The main complaint of designers, as regards the involvement of disabled people in the usability evaluation, is the cost of the test for disabled users. In fact, disabled users testing usually requires more time compared with the assessment performed by people without disability. The extra-time could be due to the following reasons. First, some disabled users need to interact with a website through a set of assistive technologies and this could require conducting the test in the wild instead of a lab. Second, evaluators need to set-up an adapted protocol of assessment for people with cognitive impairment, such as dementia [7]. Nevertheless, these issues could be overcome by adopting specific strategies. For instance, experts could ask for a small sample of disabled users, who are already customers of a website, to perform at their house a set of short interactions with a website driven by scenarios. Another approach could be to ask disabled users who are novices in the use of a website, to perform at home for a week a set of tasks by controlling remotely the interaction of these users [4]. Independently from the strategies, instead of fully monitoring the usability errors performed by disabled users, experts could just request from these end-users to complete a short scale after their experience with a system to gather their overall satisfaction. The satisfaction outcomes of disabled users’ cohort could be then aggregated and compared with the results of the other cohort of people without disability. Therefore, by using short scales of satisfaction evaluation, practitioners could save on costs and, with a minimal effort, report to designers the number of errors identified, the level of satisfaction experienced by users without disability, and a comparative analysis of the satisfaction with a mixed cohort of users. Thus, short scales could be powerful tools to include, at minimal cost, the opinions of disabled users in the usability assessment, in order to enhance the reliability of the assessment report for the designers.

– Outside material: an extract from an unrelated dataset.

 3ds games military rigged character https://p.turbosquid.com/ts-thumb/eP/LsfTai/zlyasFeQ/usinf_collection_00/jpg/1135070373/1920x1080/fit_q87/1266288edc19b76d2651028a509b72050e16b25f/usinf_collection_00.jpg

Today, the possibility to include a larger sample of users with different kind of behaviors in the usability testing is particularly relevant to obtain a reliable assessment. In fact, in the context of ubiquitous computing people could access and interact through different mobile devices with websites, and a large set of information on public services (such as taxes, education, transport, etc.) is available online. Therefore, for the success of public services websites it is important to have an interface which is accessible to a wide range of possible users and usable in a satisfactory way.
Despite the growing involvement of disabled users in the usability analysis, there are no studies analyzing the psychometric properties of short scales of satisfaction and the use of these tools to assess the usability of website interfaces perceived by a sample of disabled users.

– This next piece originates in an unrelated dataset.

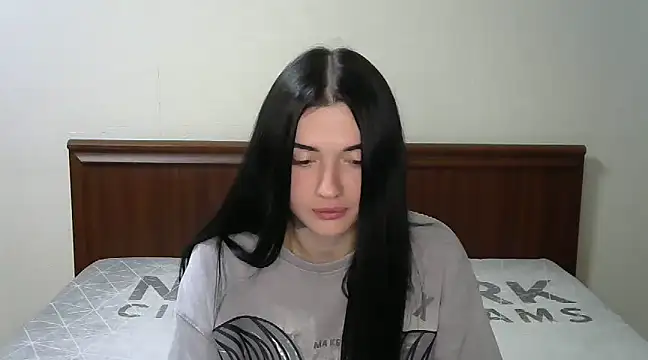 Liana diva online show from 03-22-25, 07:53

The aim of this paper is to propose a preliminary analysis of the use of SUS, UMUX, and UMUX-LITE with a small sample of users with and without disability. To reach this aim, we involved in a usability assessment two different cohorts (blind and sighted users), in order to observe the differences between the two samples in terms of number of errors experienced by the end-users during the navigation, and the overall scores of the questionnaires. Moreover, we compared the psychometric properties of SUS, UMUX, and UMUX-LITE when administered to blind and sighted participants in terms of reliability and scales correlation.
2 Methodology
Two evaluation cohorts composed of 10 blind-from-birth users (Age: 23.51; SD: 3.12) and 10 sighted users (Age: 27.88; SD: 5.63) were enrolled through advertisements among associations of disabled users, and among the students of the University of Perugia, in Italy. Each participant was asked to perform on the website of the Italian public train company (http://www.trenitalia.it) the following three tasks, presented as scenarios:
-
Find and buy online a train ticket from “Milan – Central station” to “Rome – Termini station.”
-
Find online and print the location of info-points and ticket offices at the train station of Perugia.
-
Use the online claim form to report a problem about a train service.

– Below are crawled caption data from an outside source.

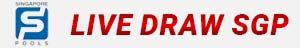 Live Draw SGP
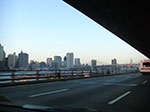 CIMG5341.jpg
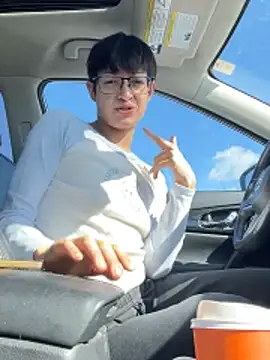 FaiiryArii online show from March 2026 02:11:02 PM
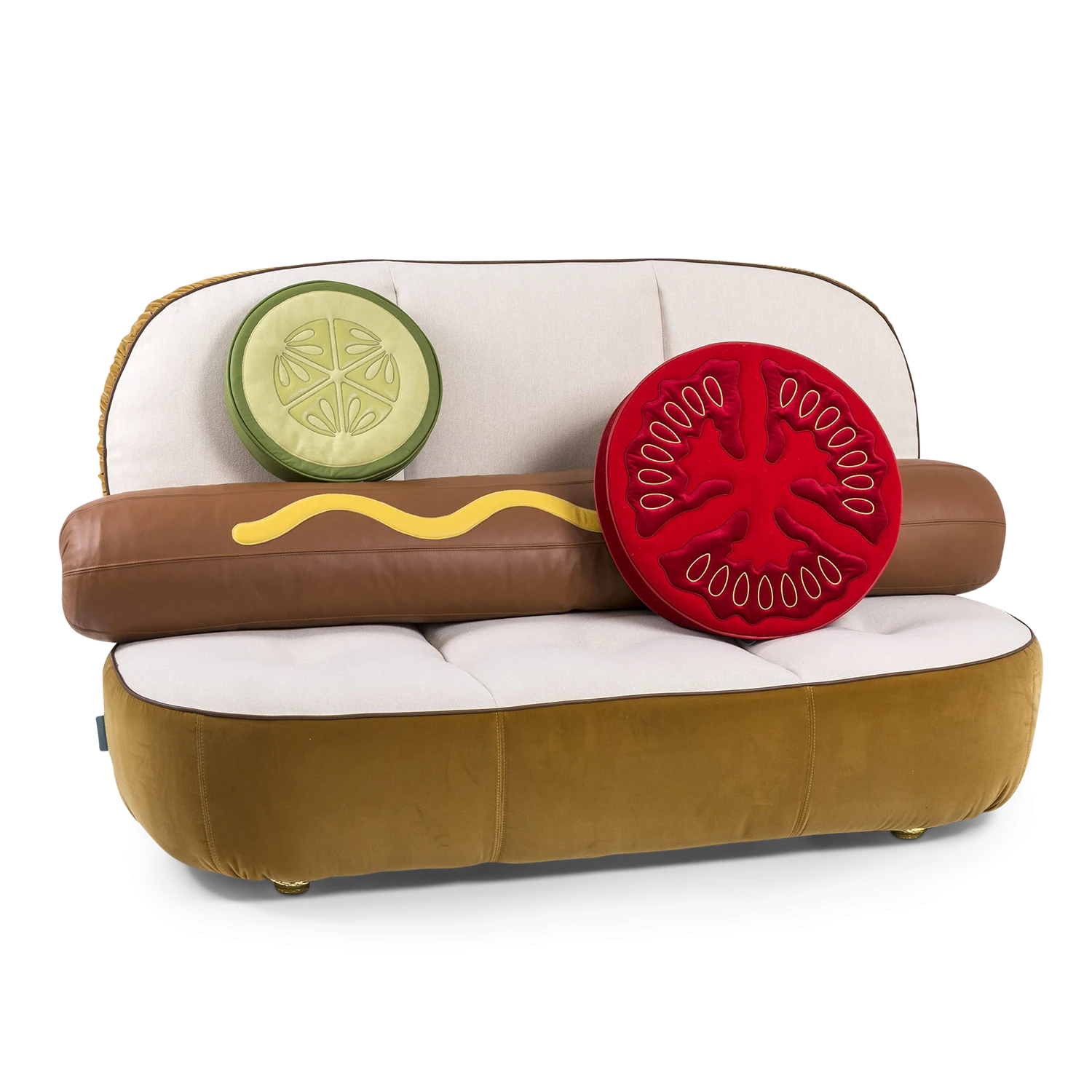 hot-dog-sofa-seletti-0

Participants were asked to verbalize aloud their problems during the navigation. In particular, sighted users were tested through a concurrent thinking aloud protocol, while blind users were tested by a partial concurrent thinking aloud [7].
After the navigation each participant filled the Italian validated version [14] of three scales, presented in a random order.
2.1 Data Analysis
For each group of participants there were descriptive statistics (mean [M], standard deviation [SD]). An independent t-test analysis was performed to test the differences between the two evaluation cohorts in terms of overall scores of the three questionnaires. Moreover, a Cronbach’s α and Pearson correlation analyses were performed to analyze the psychometric properties of the scales when administered to different end-users. All analyses were performed using IBM® SPSS 22.
3 Results
3.1 Usability Problems and User Satisfaction
The two evaluation cohorts identified, separately, a total number of 29 problems: Blind users experienced 19 usability issues, while sighted users experienced only 10 issues. Of the 29 issues reported by the two cohorts, eight issues were identified by both blind and sighted users; two problems only by sighted users; and 11 only by blind users. Therefore, a sample of 21 unique usability issues was identified testing 20 end-users. As reported in Table 1, an independent t-test analysis showed that for each of the questionnaires there was a significant difference between the overall satisfaction in use experienced by blind and sighted users.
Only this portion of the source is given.